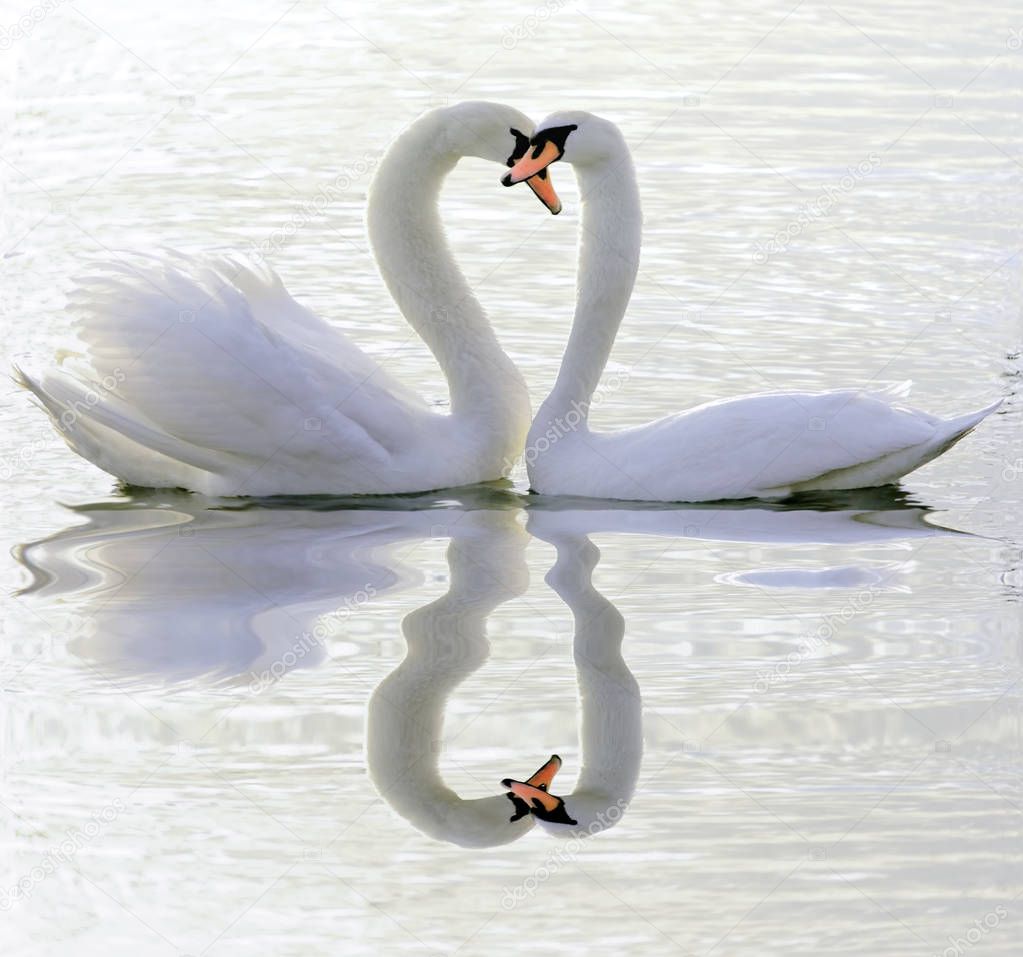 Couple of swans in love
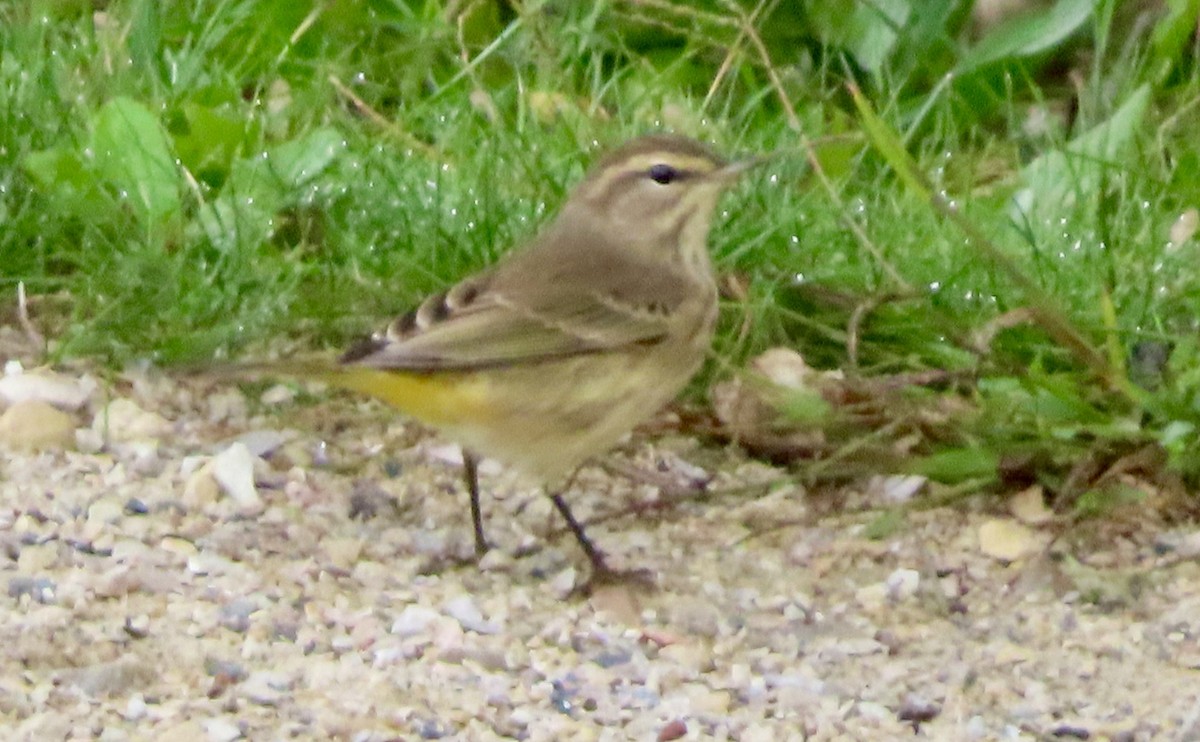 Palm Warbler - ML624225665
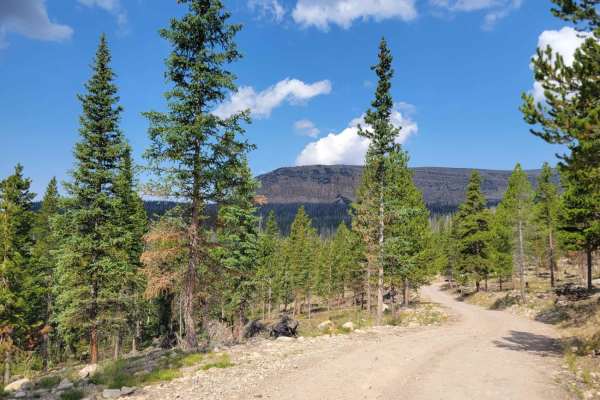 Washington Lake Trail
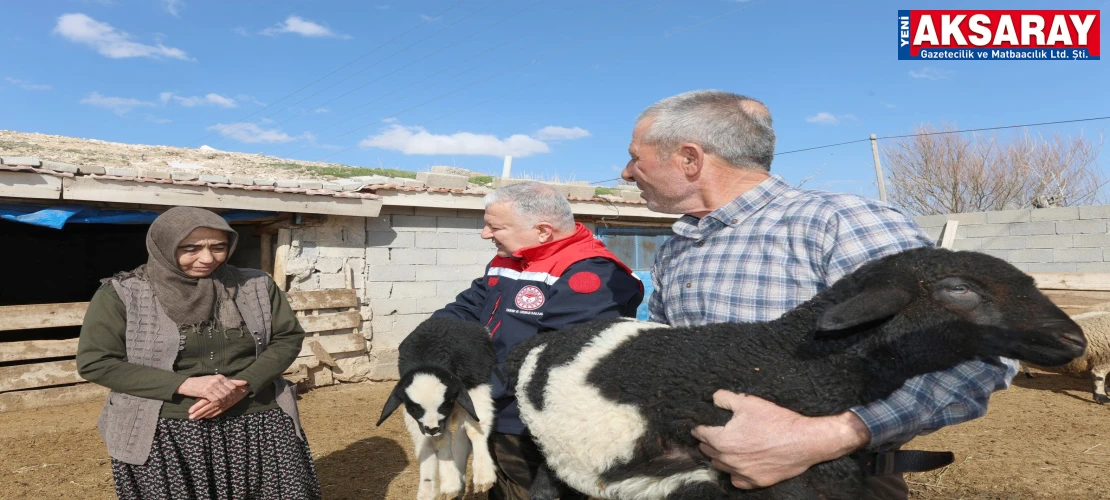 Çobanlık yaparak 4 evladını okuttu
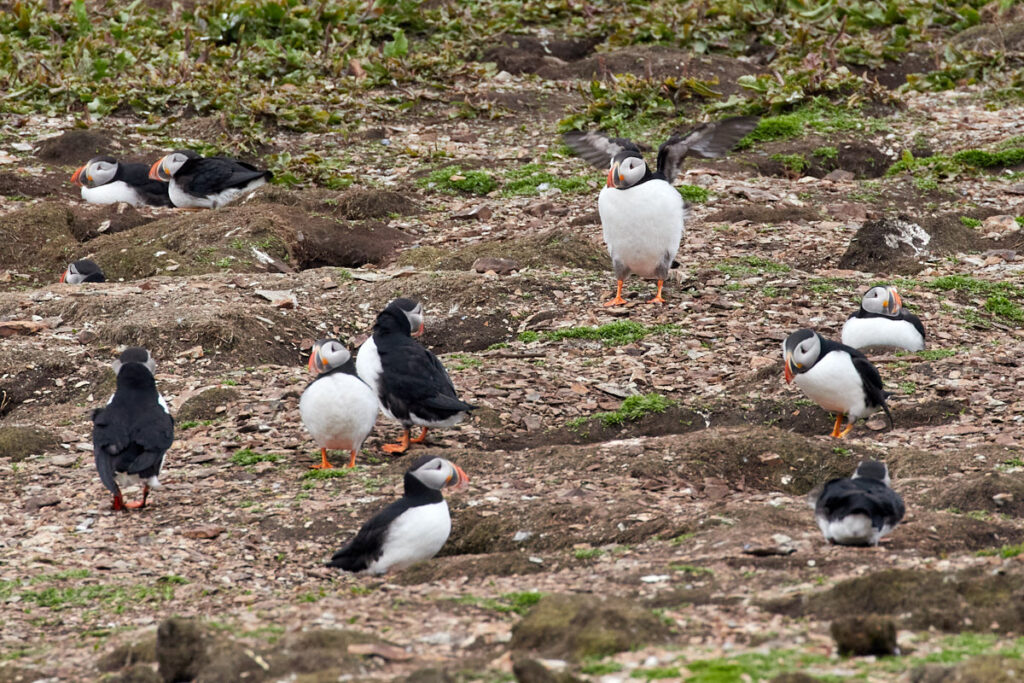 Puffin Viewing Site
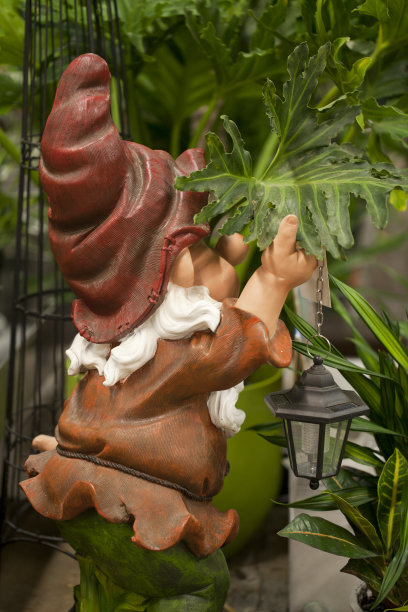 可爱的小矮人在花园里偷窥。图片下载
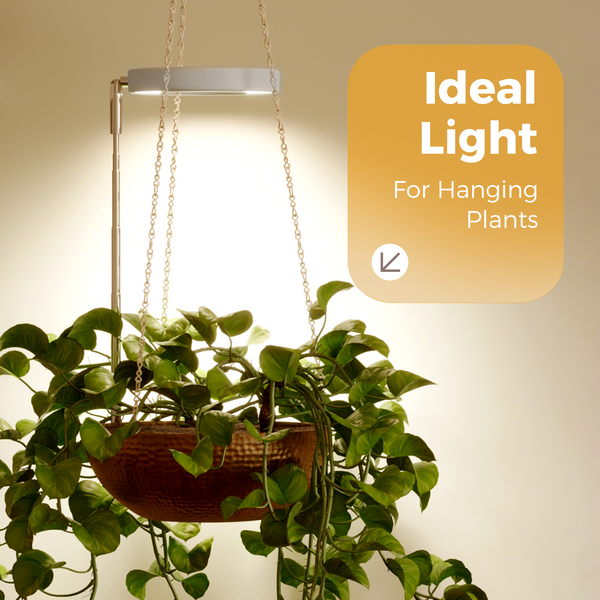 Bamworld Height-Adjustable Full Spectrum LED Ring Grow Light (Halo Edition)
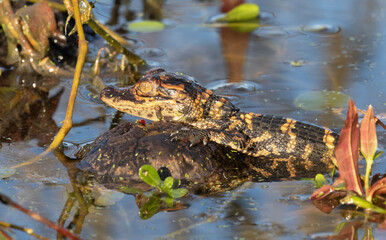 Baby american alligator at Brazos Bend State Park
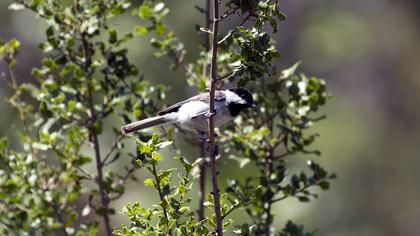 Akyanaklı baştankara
· · · · ·
→ **Instructions for the task**: Copy the lines from the line that contains "Bamworld Height-Adjustable Full" through the end of the records, exactly and with nothing added; leave the pictures out.

→ **Exercise response**:
 Bamworld Height-Adjustable Full Spectrum LED Ring Grow Light (Halo Edition)
 Baby american alligator at Brazos Bend State Park
 Akyanaklı baştankara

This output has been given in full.